WHAT TO DO: The data below holds a line containing "New Toyota Land Cruiser 2024 Black" and a line containing "Balenciaga 款式：Balenciaga 巴黎世家 字母刺绣图案圆领短袖T恤"; please quote exactly those two lines and every line between them, and nothing else.

EXTRACTED INFORMATION:
========

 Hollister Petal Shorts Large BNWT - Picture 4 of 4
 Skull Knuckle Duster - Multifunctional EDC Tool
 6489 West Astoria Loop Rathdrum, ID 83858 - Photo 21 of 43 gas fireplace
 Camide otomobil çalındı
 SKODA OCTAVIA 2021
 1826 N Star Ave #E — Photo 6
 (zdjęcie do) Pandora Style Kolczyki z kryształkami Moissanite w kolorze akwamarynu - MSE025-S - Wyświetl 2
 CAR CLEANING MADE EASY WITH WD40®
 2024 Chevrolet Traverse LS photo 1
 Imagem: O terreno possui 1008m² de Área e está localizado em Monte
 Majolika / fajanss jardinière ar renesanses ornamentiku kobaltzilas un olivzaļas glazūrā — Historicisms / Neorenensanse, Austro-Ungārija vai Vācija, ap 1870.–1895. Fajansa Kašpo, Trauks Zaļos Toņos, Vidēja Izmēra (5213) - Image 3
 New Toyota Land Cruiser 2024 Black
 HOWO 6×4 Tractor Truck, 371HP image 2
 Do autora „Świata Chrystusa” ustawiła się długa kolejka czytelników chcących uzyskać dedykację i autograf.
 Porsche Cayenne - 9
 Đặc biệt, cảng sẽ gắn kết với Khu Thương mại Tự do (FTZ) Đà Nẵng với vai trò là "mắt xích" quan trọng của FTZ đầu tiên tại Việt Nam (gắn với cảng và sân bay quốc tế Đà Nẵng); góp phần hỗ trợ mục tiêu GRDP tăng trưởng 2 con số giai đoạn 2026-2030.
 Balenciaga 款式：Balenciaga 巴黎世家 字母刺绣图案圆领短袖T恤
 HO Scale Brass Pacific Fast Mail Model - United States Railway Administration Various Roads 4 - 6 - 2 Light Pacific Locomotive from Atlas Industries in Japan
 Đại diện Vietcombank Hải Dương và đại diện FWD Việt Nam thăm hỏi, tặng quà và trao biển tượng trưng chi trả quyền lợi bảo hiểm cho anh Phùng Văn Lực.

========

ANSWER SECTION:
 New Toyota Land Cruiser 2024 Black
 HOWO 6×4 Tractor Truck, 371HP image 2
 Do autora „Świata Chrystusa” ustawiła się długa kolejka czytelników chcących uzyskać dedykację i autograf.
 Porsche Cayenne - 9
 Đặc biệt, cảng sẽ gắn kết với Khu Thương mại Tự do (FTZ) Đà Nẵng với vai trò là "mắt xích" quan trọng của FTZ đầu tiên tại Việt Nam (gắn với cảng và sân bay quốc tế Đà Nẵng); góp phần hỗ trợ mục tiêu GRDP tăng trưởng 2 con số giai đoạn 2026-2030.
 Balenciaga 款式：Balenciaga 巴黎世家 字母刺绣图案圆领短袖T恤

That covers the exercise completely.